Getting a first job at a media agency can be challenging. But if you are knowledgeable, enthusiastic and willing to start at the bottom, you can get in.
Here are some tips…

  1. Call Harrison Dear! We work with major agency groups and smaller independent agencies and regularly receive briefs from them for some fantastic graduate roles
  2. Work Experience
    If you have the opportunity to get some work experience, by all means, you should. While it will be unpaid, it can give you a good look at all of the areas within an agency, and help you evaluate which one is right for you. If you get work experience, make the most it: develop contacts, gain experiences and do something that you can put on a CV.
  3. Take an Entry Level Position
    Many people have successfully started their career at a media agency by taking an entry level role and working their way up. Don’t be afraid to work outside of your job description. Just get in, work hard and learn everything you can. If you’re unable to move up within that particular agency, you can still use the experience to get a job at another agency in the long term.
  4. Network
    Look for opportunities to meet with people who are working in the industry. Look for educational seminars and professional workshops. Get out there and meet the people who could be your next potential employer or peer. Many network connections also begin online. Seek out and join media groups on the Internet and get your name and opinions out there. Ask questions to learn and to build relationships.
  5. Be Knowledgeable and Enthusiastic
    Before going into an interview at a media agency make sure that you know everything about them: know their history, their clients and their point of view, and be able to talk about them. Convey that you have chosen them, and want to be a part of what they do.

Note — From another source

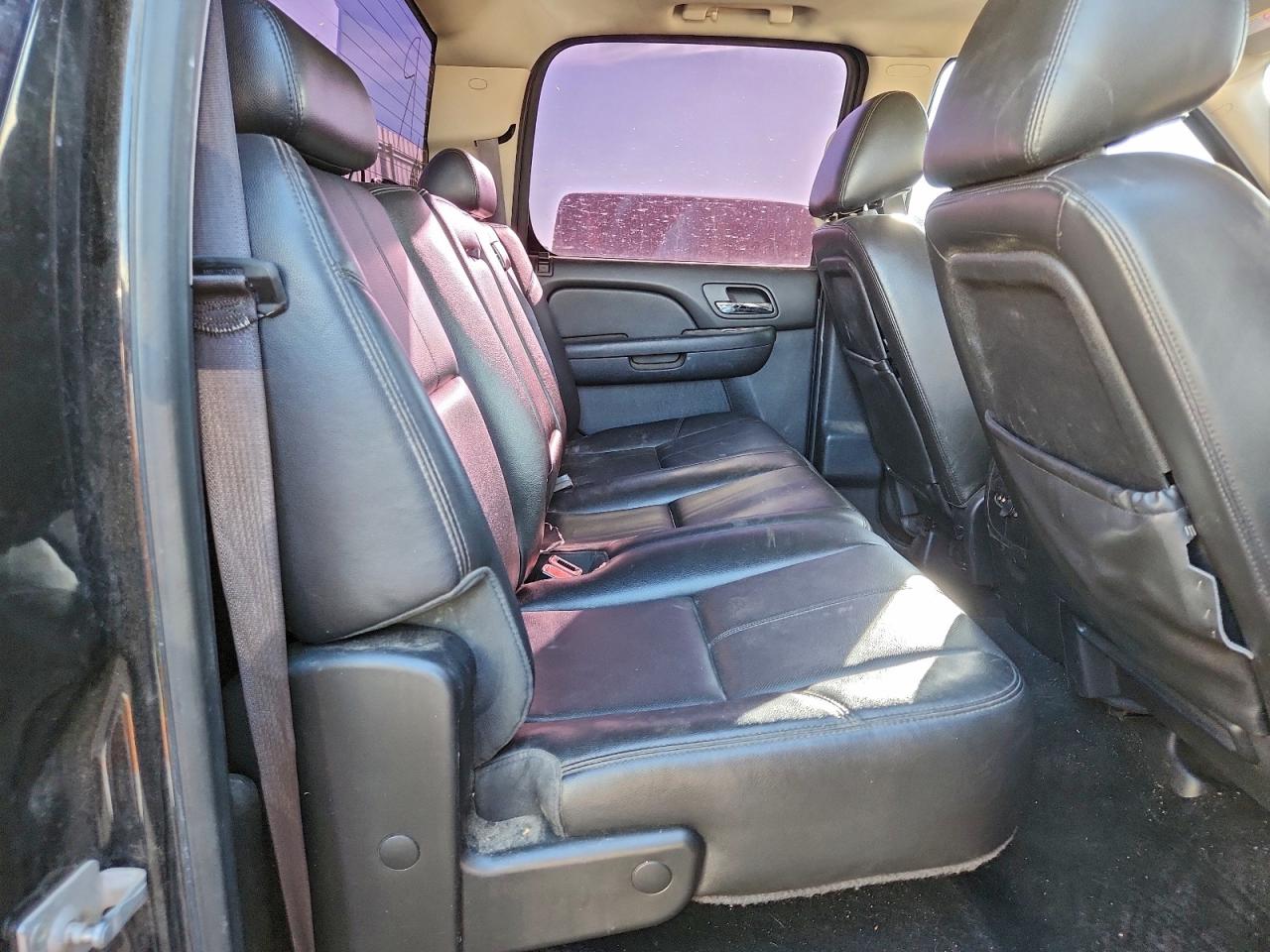 2013 CHEVROLET SILVERADO K2500 HEAVY DUTY LTZ photo 28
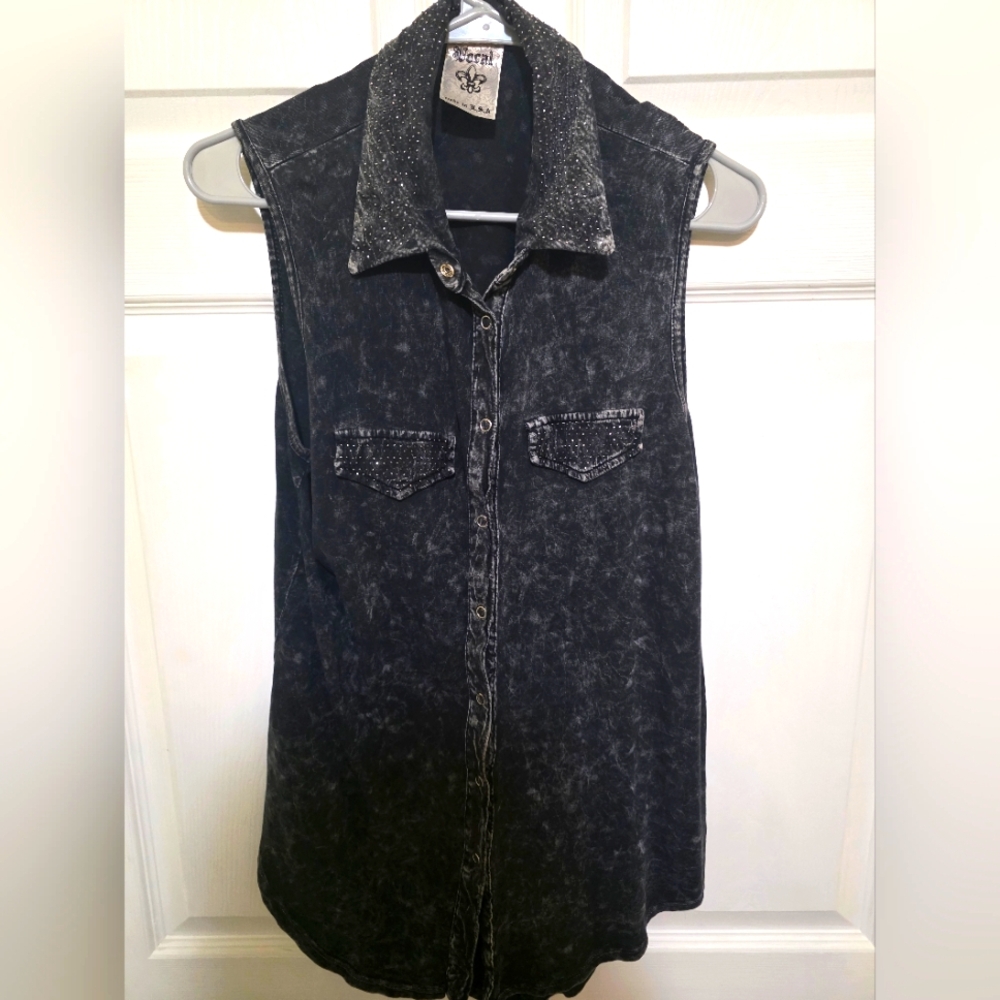 Black Sleeveless Denim Top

  6. Are you passionate about working at a media agency? Then make sure you show it. In the interview talk about media and advertising that excites you and be able to express an understanding of why it does. Employers get excited when they see someone with genuine passion and enthusiasm. There’s a reason they got into the field and your energy and enthusiasm are a reminder of that. People with a lot of experience have been beaten out of jobs by someone with less experience, but a lot of heart.
  7. Advertise Yourself
    The great thing about working in media and advertising is that there’s always room for the best and the brightest. The key to marketing to media agencies is to be someone that stands out above all the other people vying for the same position. You don’t necessarily need experience to do this, but you do need resourcefulness. With email, social networks, websites and blogs you have unlimited opportunities to communicate with the advertising community.